**TASK TO COMPLETE:**
Only the lines from the one containing "kashmir tour packages" through the end of the records should be retyped, exactly and including both ends; pictures stay out.

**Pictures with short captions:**
»»

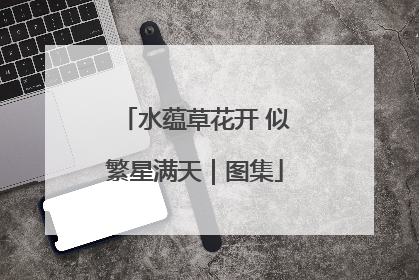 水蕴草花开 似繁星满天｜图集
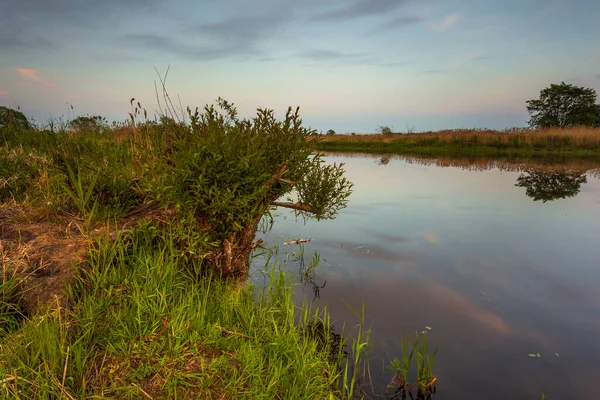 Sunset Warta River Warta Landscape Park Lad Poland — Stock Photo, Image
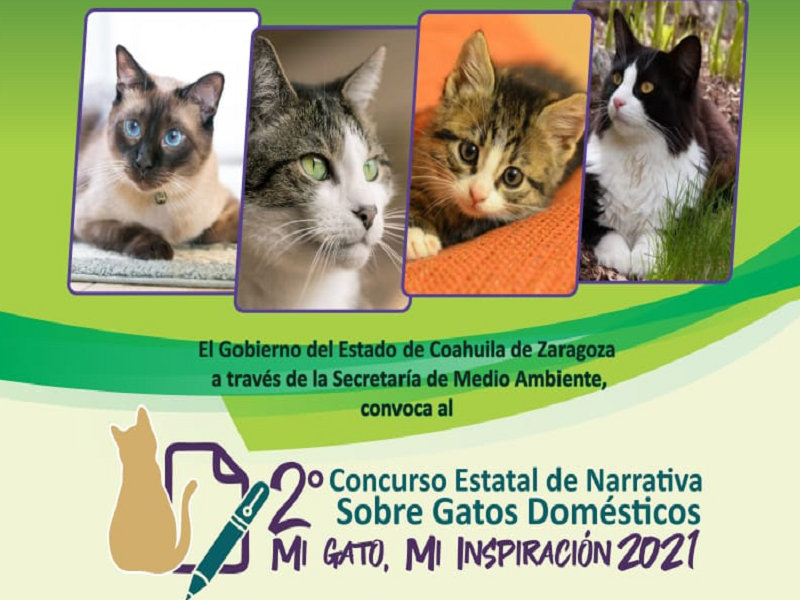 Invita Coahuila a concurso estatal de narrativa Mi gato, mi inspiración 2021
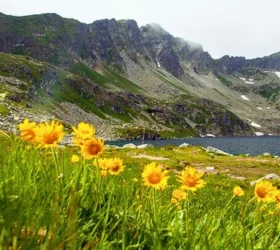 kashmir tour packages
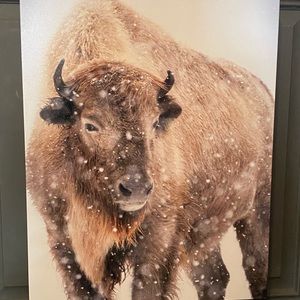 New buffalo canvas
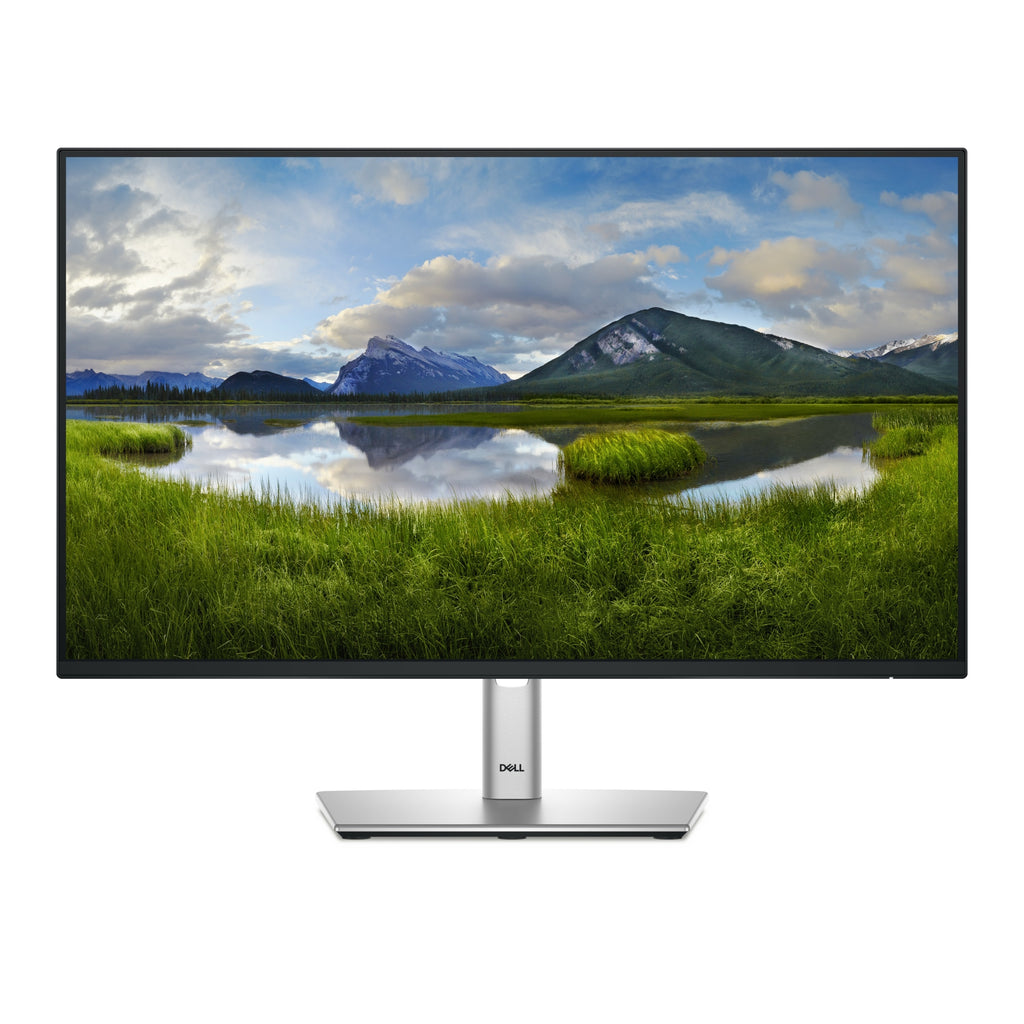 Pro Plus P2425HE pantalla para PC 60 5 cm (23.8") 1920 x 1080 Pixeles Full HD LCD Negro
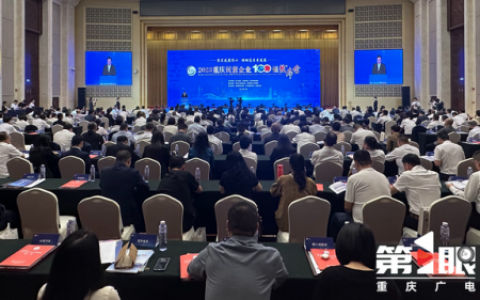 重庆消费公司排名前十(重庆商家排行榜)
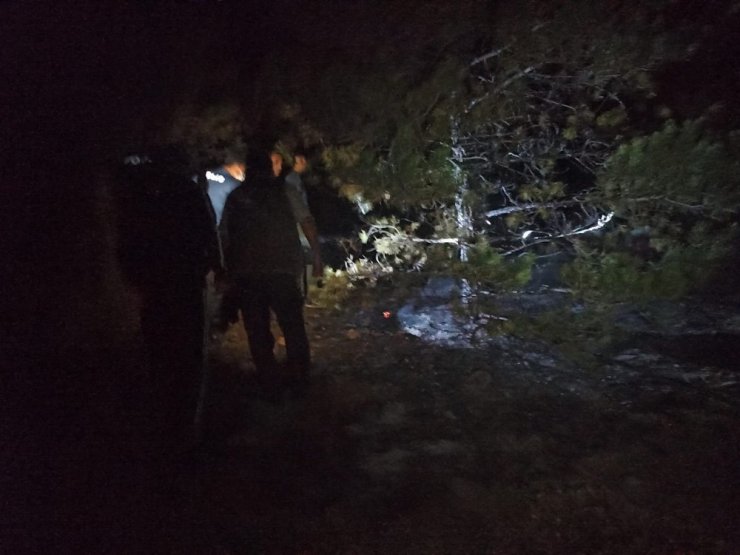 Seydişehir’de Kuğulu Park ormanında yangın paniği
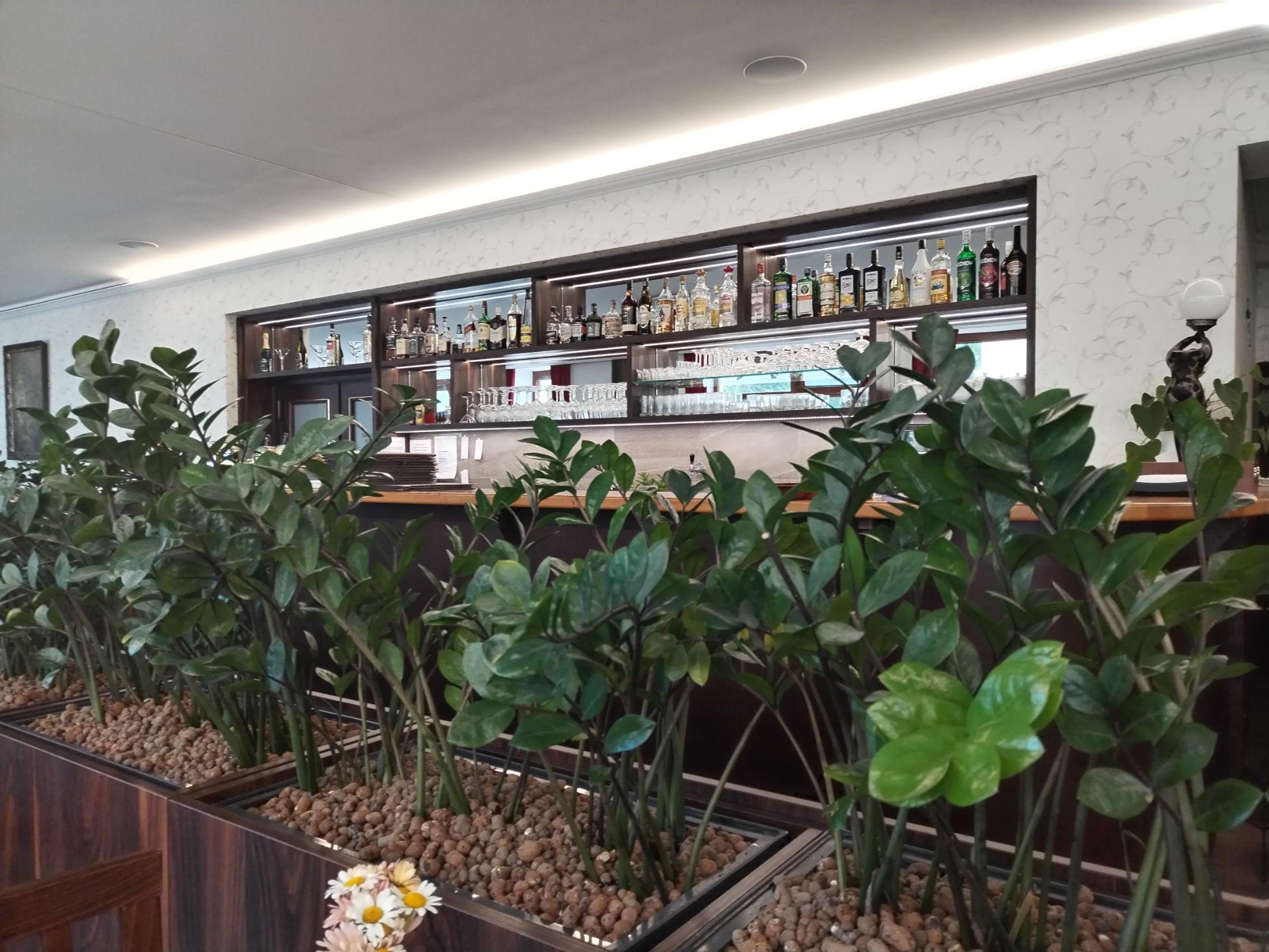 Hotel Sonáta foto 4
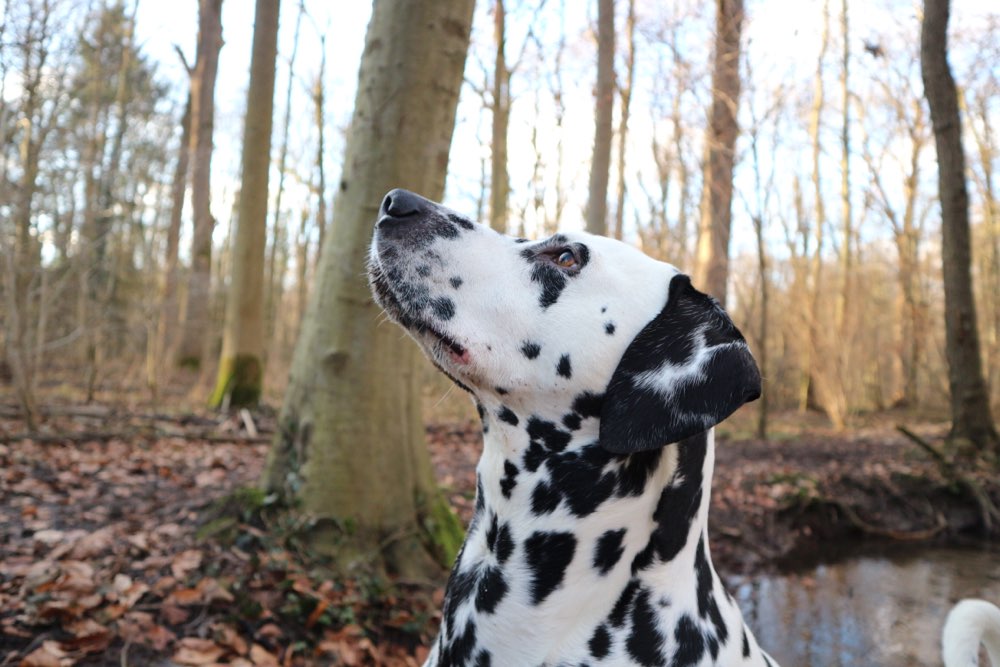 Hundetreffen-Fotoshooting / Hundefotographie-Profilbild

««

**SOLUTION TO THE PROBLEM:**
 kashmir tour packages
 New buffalo canvas
 Pro Plus P2425HE pantalla para PC 60 5 cm (23.8") 1920 x 1080 Pixeles Full HD LCD Negro
 重庆消费公司排名前十(重庆商家排行榜)
 Seydişehir’de Kuğulu Park ormanında yangın paniği
 Hotel Sonáta foto 4
 Hundetreffen-Fotoshooting / Hundefotographie-Profilbild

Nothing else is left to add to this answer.